Implications for Program Leaders
Provide classes for caregivers that enable them to help youth set realistic expectations for homecoming, including the possibility that the Service member will need time to rest and recover
Create opportunities (such as workshops) to empower caregivers with effective communication skills that can help military youth understand their parent’s commitments to military life
Include curricula in existing classes or support structures that stress the importance of caregivers not being dismissive of youth’s strong desire for information about deployment
Implications for Policy Makers
Continue to recommend the development of programs that provide support for youth who experience parental deployment and homecoming
Promote programs that help Service members and other caregivers build strong parent-child communication skills
Recommend training for professionals who work with military families that increases their awareness of the particular challenges faced by military youth before, during, and after deployment
Methods
Participants were recruited at a camp for military youth held in the Midwestern United States.

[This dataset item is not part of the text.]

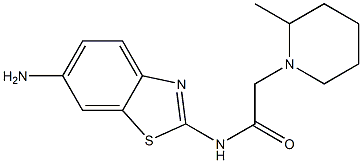 N-(6-amino-1,3-benzothiazol-2-yl)-2-(2-methylpiperidin-1-yl)acetamide Struktur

Researchers utilized semi-structured interviews to obtain information about youth’s experiences of parental deployment and subsequent reunion.
Interviews were transcribed and then coded by four independent coders in order to identify themes that emerged throughout the interviews.
Participants
Participants were 31 children (20 boys, 11 girls), ranging in age from 10 to 13 years old (M = 11.42 years, SD = 1.15 years), from military families in which a parent had been deployed and returned home.
Most youth (94%) had experienced the deployment of their father. These deployments had ended within the past 12 months for 48% of participants and within the past 24 months for 21% of participants.
Parents were affiliated with the Army National Guard (45%), the Army (42%), the Navy (7%), the Air Force (3%), and the Air National Guard (3%).
Limitations
Given the participants’ ages, some may have been reporting about homecomings that occurred when they were quite a bit younger and thus they may have misremembered the experience.
Participants were selected from youth attending a summer camp for military youth; they may differ from other military youth in some important ways.
Interviews were kept brief which may have limited the depth of the information collected.
Avenues for Future Research
Examine the role of demographic characteristics on youth’s experience of parental deployment and homecoming
Employ prospective longitudinal methods, following youth’s experiences over the entire deployment cycle
Examine ways in which families communicate about deployment throughout the full deployment cycle
Design Rating
1 Star - There are some significant flaws in the study design or research sample such that conclusions drawn from the data are suspect.
Methods Rating
2 Stars - There are no significant biases or deficits in the way the variables in the study are defined or measures and conclusions are appropriately drawn from the analyses performed.
Limitations Rating
2 Stars - There are a few factors that limit the ability to extend the results to an entire population, but the results can be extended to most of the population.
Focus
Army
Target Population
Population Focus
Military Branch
Military Component
Abstract
The return home of a Service member from tour of duty can be stressful for military families (Bowling & Sherman, 2008), but surprisingly little is known about how military youth communicatively experience a parent’s homecoming (MacDermid Wadsworth, 2010). This study draws on the emotional cycle of deployment model (Pincus, House, Christenson, & Adler, 2001) to examine the reunion period in military youth’s own words. Individual interviews were conducted with 31 military youth (age range = 10 to 13 years old). Participants identified four changes to family life (RQ1), including spending time together, experiencing emotional tranquility, returning to patterns in place before deployment, and having difficulty reintegrating the Service member into everyday routines. Some military youth reported that the reunion matched their expectations (RQ2), but others noted that the reunion fell short of their expectations or that they did not expect the returning service member to be so tired or so irritable. Participants also described four issues of uncertainty (RQ3), including questions about the service member’s activities during deployment, reasons for joining and deploying, family life, and the possibility of future deployments. The article concludes by examining the theoretical and pragmatic implications of the findings.